[Records excerpted from a collection]
::::
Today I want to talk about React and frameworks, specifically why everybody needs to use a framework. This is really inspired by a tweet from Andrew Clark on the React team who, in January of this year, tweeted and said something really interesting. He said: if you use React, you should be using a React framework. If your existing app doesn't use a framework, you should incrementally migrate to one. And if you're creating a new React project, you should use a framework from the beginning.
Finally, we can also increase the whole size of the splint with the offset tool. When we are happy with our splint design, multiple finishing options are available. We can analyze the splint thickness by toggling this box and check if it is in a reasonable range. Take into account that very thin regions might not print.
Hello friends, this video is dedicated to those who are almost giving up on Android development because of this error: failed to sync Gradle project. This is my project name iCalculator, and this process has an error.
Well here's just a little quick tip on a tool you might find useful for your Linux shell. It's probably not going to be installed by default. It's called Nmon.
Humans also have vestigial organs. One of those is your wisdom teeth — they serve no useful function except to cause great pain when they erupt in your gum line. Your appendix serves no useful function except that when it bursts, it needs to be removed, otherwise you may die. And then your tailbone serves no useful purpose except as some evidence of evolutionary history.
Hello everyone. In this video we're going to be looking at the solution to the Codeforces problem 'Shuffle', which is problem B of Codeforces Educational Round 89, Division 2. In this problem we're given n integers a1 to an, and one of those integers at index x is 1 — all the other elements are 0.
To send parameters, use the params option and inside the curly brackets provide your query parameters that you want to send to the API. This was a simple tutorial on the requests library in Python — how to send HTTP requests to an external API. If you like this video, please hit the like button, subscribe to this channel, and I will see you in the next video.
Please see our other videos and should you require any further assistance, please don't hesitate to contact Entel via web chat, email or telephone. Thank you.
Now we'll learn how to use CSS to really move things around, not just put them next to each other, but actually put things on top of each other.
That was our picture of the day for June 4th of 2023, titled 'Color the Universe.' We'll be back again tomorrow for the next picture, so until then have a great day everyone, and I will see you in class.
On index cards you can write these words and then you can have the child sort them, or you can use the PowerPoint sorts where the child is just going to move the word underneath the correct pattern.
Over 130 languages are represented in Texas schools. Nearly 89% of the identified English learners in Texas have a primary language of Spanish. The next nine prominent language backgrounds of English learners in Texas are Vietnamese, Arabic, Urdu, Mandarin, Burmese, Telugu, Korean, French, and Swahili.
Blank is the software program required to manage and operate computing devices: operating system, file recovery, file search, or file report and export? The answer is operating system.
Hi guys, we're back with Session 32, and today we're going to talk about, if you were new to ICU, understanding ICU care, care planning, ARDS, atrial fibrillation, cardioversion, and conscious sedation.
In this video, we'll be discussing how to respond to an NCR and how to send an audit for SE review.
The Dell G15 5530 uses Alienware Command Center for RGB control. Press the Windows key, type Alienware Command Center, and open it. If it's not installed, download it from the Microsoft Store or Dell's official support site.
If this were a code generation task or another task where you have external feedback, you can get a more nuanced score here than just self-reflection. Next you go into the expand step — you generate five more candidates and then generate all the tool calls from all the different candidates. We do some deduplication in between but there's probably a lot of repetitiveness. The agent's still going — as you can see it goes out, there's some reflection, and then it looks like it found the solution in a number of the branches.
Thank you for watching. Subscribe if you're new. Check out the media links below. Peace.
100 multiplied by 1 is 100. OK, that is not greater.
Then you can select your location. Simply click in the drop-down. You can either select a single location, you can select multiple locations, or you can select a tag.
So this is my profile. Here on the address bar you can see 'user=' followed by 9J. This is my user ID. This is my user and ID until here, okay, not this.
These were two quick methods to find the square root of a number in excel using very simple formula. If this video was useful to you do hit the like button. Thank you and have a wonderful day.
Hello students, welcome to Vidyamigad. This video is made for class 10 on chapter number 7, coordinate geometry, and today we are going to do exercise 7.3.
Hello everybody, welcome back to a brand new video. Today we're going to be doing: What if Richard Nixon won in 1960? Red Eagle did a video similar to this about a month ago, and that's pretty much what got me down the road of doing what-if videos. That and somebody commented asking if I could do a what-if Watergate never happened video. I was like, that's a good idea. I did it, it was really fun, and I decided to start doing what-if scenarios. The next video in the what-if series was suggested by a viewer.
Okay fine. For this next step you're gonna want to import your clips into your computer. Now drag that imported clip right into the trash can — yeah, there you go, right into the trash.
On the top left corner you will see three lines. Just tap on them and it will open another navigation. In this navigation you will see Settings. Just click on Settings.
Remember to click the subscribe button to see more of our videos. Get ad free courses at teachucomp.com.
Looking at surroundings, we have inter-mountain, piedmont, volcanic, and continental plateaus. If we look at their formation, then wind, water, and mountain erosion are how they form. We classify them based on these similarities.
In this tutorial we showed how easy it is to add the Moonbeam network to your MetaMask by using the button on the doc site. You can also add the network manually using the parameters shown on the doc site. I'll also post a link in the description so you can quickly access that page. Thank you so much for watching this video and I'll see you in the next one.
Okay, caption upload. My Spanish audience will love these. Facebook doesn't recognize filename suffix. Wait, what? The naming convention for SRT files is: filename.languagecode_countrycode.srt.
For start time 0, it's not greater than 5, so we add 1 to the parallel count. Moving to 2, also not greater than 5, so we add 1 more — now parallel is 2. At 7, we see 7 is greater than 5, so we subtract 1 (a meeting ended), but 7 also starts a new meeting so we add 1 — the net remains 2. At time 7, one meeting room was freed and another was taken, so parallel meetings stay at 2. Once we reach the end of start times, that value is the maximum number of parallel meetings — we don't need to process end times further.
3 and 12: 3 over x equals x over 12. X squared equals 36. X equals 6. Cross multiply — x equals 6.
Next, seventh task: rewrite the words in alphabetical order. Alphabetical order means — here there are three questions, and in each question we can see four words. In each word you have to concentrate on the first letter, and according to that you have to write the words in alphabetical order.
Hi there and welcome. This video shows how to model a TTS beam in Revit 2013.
::::
• [Work item] From the records above, copy only the lines starting with the line that holds "If this were" and going on through the line that holds "Thank you for", exactly as written.

• [Answer to the problem]
If this were a code generation task or another task where you have external feedback, you can get a more nuanced score here than just self-reflection. Next you go into the expand step — you generate five more candidates and then generate all the tool calls from all the different candidates. We do some deduplication in between but there's probably a lot of repetitiveness. The agent's still going — as you can see it goes out, there's some reflection, and then it looks like it found the solution in a number of the branches.
Thank you for watching. Subscribe if you're new. Check out the media links below. Peace.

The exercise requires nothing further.